In deze zaak heeft de Rechtbank Den Haag op 3 november 2022 uitspraak gedaan in een asielprocedure. Eiser, van Vietnamese nationaliteit, had een aanvraag ingediend voor een verblijfsvergunning asiel, welke door de Staatssecretaris van Justitie en Veiligheid was afgewezen. Eiser had eerder een verblijfsvergunning regulier gekregen na aangifte van mensenhandel, maar zijn asielaanvraag werd ongegrond verklaard. De rechtbank constateerde dat eiser geen gronden had ingediend tegen de afwijzing van zijn asielaanvraag en dat verweerder de identiteit en nationaliteit van eiser geloofde, maar de overige verklaringen niet als relevant beschouwde.
De rechtbank oordeelde dat het bestreden besluit onjuist was, omdat verweerder ten onrechte had gesteld dat eiser niet langer rechtmatig in Nederland verbleef. Dit werd erkend door verweerder tijdens de zitting. De rechtbank concludeerde dat verweerder niet voortvarend had onderzocht of er adequate opvang was in het land van herkomst van eiser, wat in strijd was met het Unierecht.

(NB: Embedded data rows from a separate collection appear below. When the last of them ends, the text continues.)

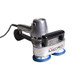 ORBOT MICRO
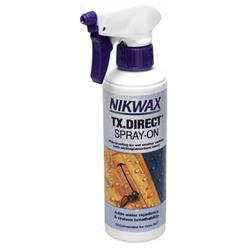 Impregnace Nikwax TX-Direct Spray-On 300ml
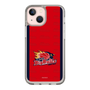 スリムプロテクションケース［ B.LEAGUE - 岩手ビッグブルズ - ロゴデザイン ］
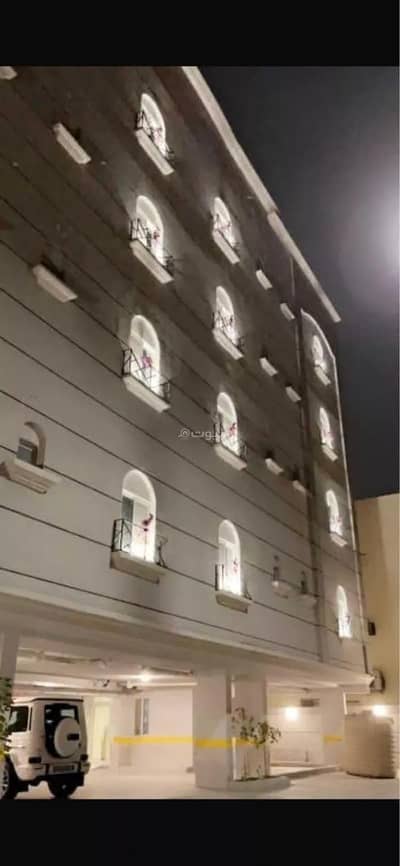 2 Bedroom Apartment for Rent in Al Rawdah, Dammam - Apartment for rent on Al Osoul Street, Al Rawdah District, Dammam, Eastern Region. 2 Bedroom Apartment for Rent in Al Rawdah, Dammam - Apartment for rent on Al Osoul Street, Al Rawdah District, Dammam, Eastern Region.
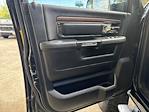 2016 Ram 2500 Crew Cab 4WD Pickup for sale #302536C - photo 28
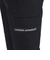 アンダーアーマー（UNDER ARMOUR）テック ユーティリティー ウーブン パンツ 6004966 001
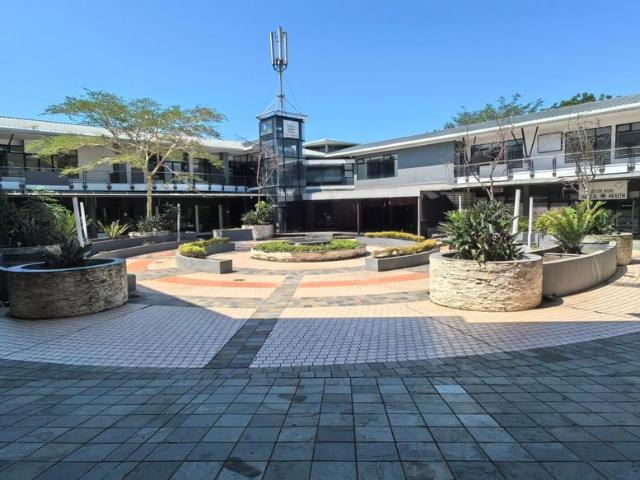 Apartment for rent in Durban North, Kwazulu-natal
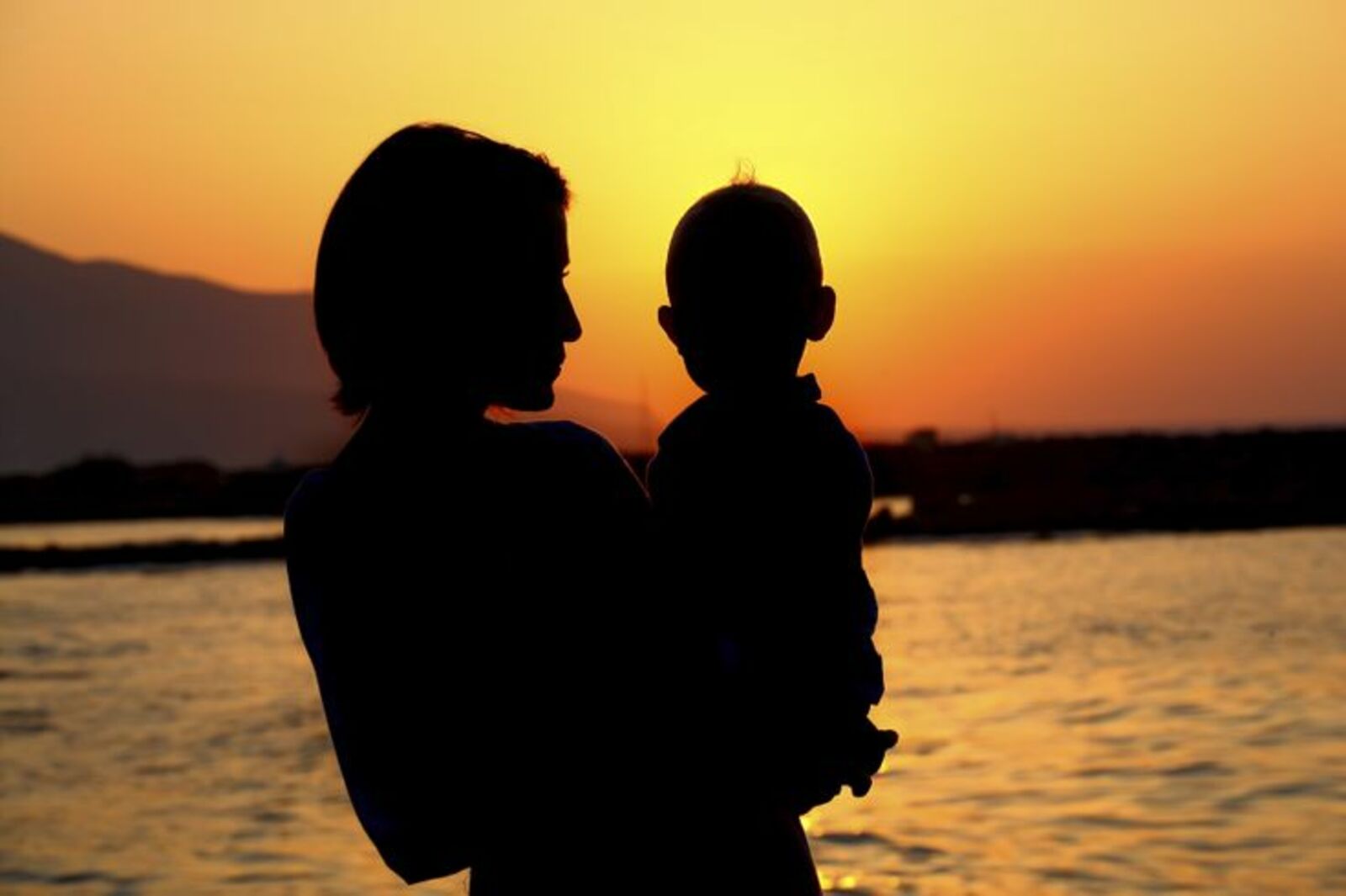 Бала рәнйеше  (Хикәйә)  Гөлнур ҠЫУАТОВА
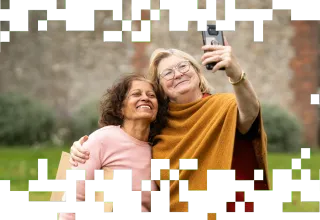 Hvorfor skal vi væk fra tech-giganterne?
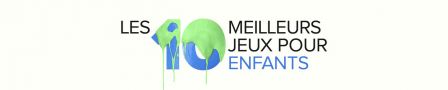meilleurs-jeux-pour-enfants.jpg, 2011 meilleurs-jeux-pour-enfants.jpg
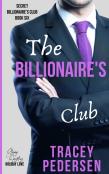 The Billionaire'S Club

De rechtbank vernietigde het bestreden besluit en droeg verweerder op om binnen acht weken een nieuw besluit te nemen, waarbij de proceskosten van eiser werden vergoed.
De uitspraak benadrukt de noodzaak voor een zorgvuldige afweging van de situatie van de eiser en de verplichtingen van de overheid om adequate opvang te onderzoeken, vooral in het licht van de rechten van vreemdelingen die rechtmatig verblijf hebben.